Over the summer, the House of Bishops unanimously passed a theological statement on interfaith relations that affirms the Christian call to reach out in love and genuine openness to know and to understand those of other religious traditions. The statement is a gentle reminder that engaging in dialogue with people of other faiths is not just a good idea, but an expression of one’s Christian identity.
I am excited that Eboo Patel will be with us at Biennial Conference 2010 in San Antonio this November where the theme is “From Every Family, Language, People, and Nation.” In the 1990s, Patel became deeply concerned by the persistent rise in religious extremism, conflict, and violence. An American Muslim, he formed the Interfaith Youth Core in 1999 as an antidote in the belief that meaningful dialogue among young people from many faiths builds mutual respect, promotes cooperation, and empowers shared service for the common good. Without this dialogue, Patel asserts, violence and hatred are perpetuated.
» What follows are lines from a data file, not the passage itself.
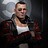 Jonathan_Barnet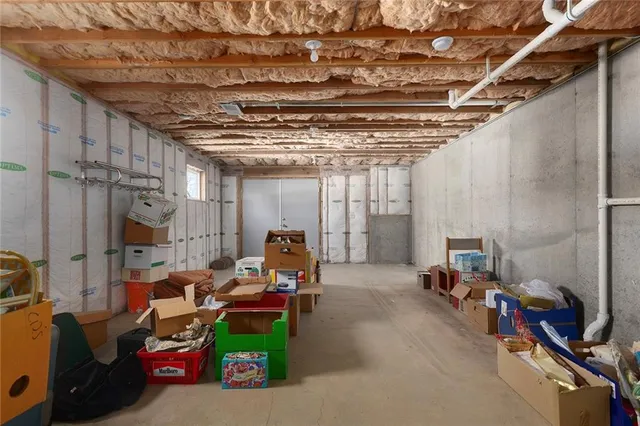 $449,000 | 6958 North Atkins Avenue, Kansas City, MO 64152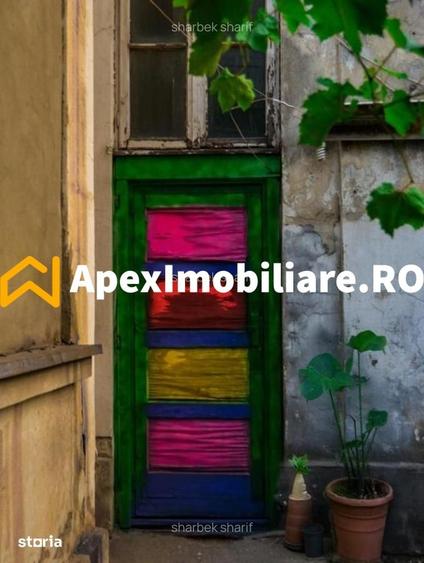 Apartament 2 camere de inchiriat Centrul Civic Bucuresti | ApexImobili - 4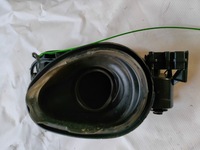 фото thumb №6, Bmw f30 кришка пального mineralgrau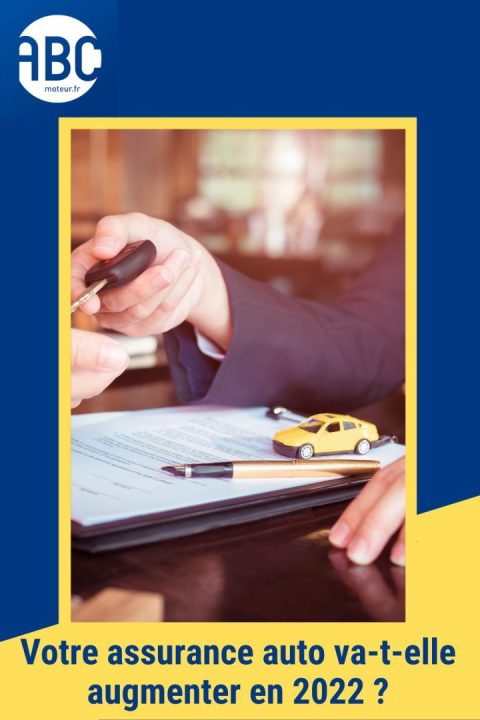 découvrez les évolutions récentes de l'assurance auto : nouvelles régulations, innovations numériques, et tendances de marché qui transforment la protection de votre véhicule. restez informé pour mieux choisir votre assurance.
Understanding one another and working collaboratively for the common good as people of faith is not easy, but certainly necessary in our pluralistic society and interdependent world. As Christian communities that intentionally welcome families of all faiths, Episcopal schools are uniquely equipped to engage in the kind of religious dialogue and collaboration envisioned by the House of Bishops and Eboo Patel. What are the challenges and opportunities at your school, and how are you responding?